Features like mathematically lossless compression and large precision and higher dynamic range per component helped JPEG 2000 find adoption in digital cinema applications. JPEG 2000 is also widely used in digital pathology and geospatial imaging, where image dimensions exceed 4K but regions of interest (ROI) stay small.

GPU acceleration using the nvJPEG2000 library

The JPEG 2000 feature set provides ample opportunities for GPU acceleration when compared to its predecessor, JPEG. Through GPU acceleration, images can be decoded in parallel and larger images can be processed quicker. nvJPEG2000 is a new library that accelerates the decoding of JPEG 2000 images on NVIDIA GPUs. It supports codec features commonly used in geospatial imaging, remote sensing, and digital pathology. Figure 1 overviews the decoding stages that nvJPEG2000 accelerates.

The CPU runs the JPEG2000 and Tier 2 stages. GPU stages include Tier 1, dequantization, IDWT, inverse component transform, and the decoded image.
Figure 1. GPU-accelerated JPEG 2000 decode process. Stages run on the CPU are denoted by the first two blue boxes. All remaining stages are offloaded to the GPU as shown in green.

The Tier1 Decode (entropy decode) stage is the most compute-intensive stage of the entire decode process. The entropy decode algorithm used in the legacy JPEG codec was serial in nature and was hard to parallelize.

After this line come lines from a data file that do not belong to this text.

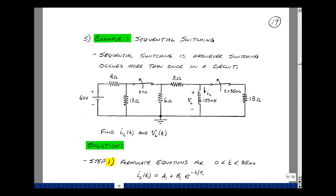This lesson deals with sequential switching. You can find these notes in the ECE 201 e-book in Chapter 7, starting on page 19. Sequential switching is whenever switching occurs more than once in a circuit. Suppose we have a circuit with two switches in it, and this switch opens at t equals zero, and the second switch opens at a later time, say 35 milliseconds.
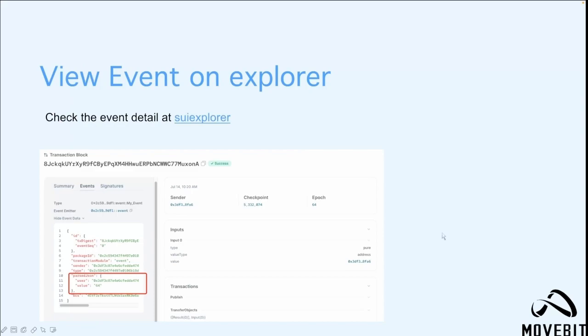In Sway Explorer, we can see that the information of the event will be displayed as below. The data attributes we define in this event are also displayed.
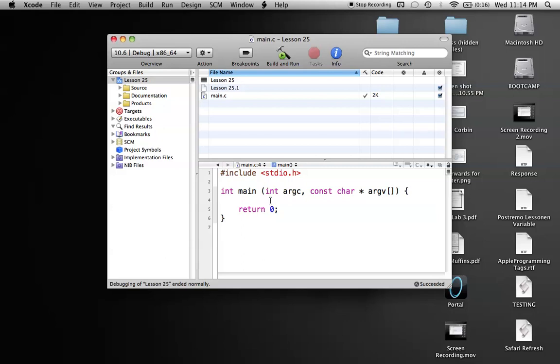Hello everyone, welcome to lesson 25 of C programming on the Mac. In this tutorial, I'm going to be giving a brief introduction to some math functions in C and how to use all of these different math functions that are already pre-made for us.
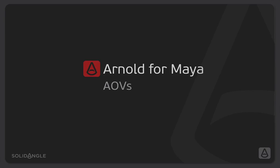Hi, I'm Ben Greasley and in this video we're going to look at exporting render passes from Arnold. We're going to look at the different passes we can produce and why we would tend to use them, and we're going to look at the different data and driver methods Arnold uses in order to create all of these passes and the control that we have for that.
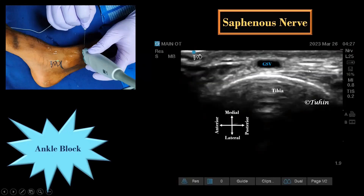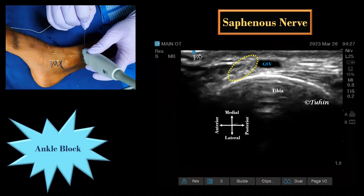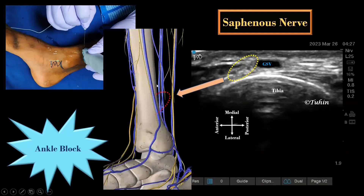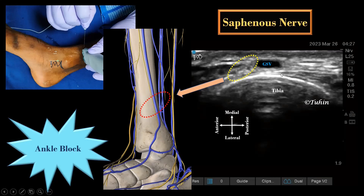For saphenous nerve block, the transducer is placed just proximal to the medial malleolus in transverse orientation. The saphenous nerve may be visualized as a small hyperechoic structure anterior or posterior to the greater saphenous vein. It is sometimes difficult to visualize because it is very small; in such cases the local anesthetic can be deposited around the vein.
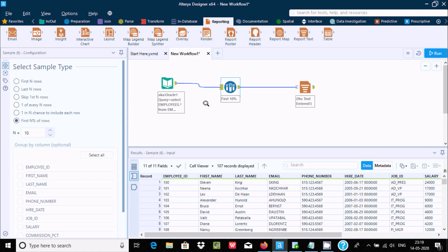This is the way we can display first N rows and last N rows in Alteryx. I hope this video is helpful for you. This video is now over — thanks for watching, see you in the next video, thank you.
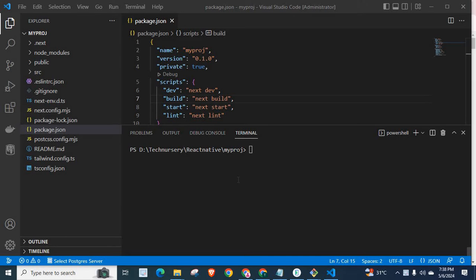Dear friends, welcome to Technicery. In this video, I am going to explain an error related to NestJS.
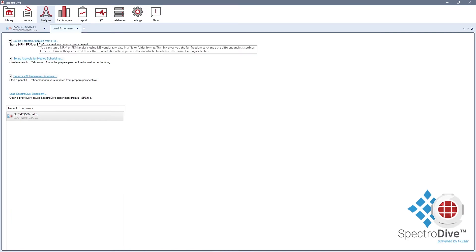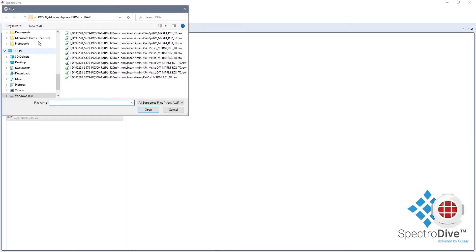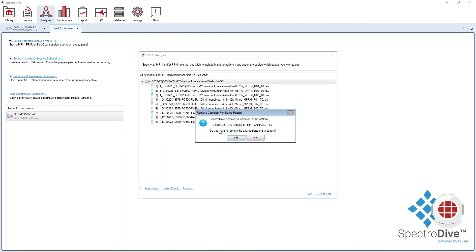When you select the workflow, set up targeted analysis from file, a wizard will open and it will guide you through all analysis settings. Start with selecting your PRM runs.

In JPEG 2000, the entropy decode stage is applied at a block-based granularity (typical block sizes are 64×64 and 32×32) that makes it possible to offload the entropy decode stage entirely to the GPU. For more information about the entropy decode process, see Section C of the JPEG 2000 Core coding system specification.

The JPEG 2000 core coding system allows for two types of wavelet transforms (5-3 Reversible and 9-7 Irreversible), both of which benefit from GPU acceleration. For more information about the wavelet transforms, see Section F of the JPEG 2000 Core coding system specification.

Decoding geospatial images

In this section, we concentrate on the new nvJPEG2000 API tailored for the geospatial domain, which enables decoding specific tiles within an image instead of decoding the full image. 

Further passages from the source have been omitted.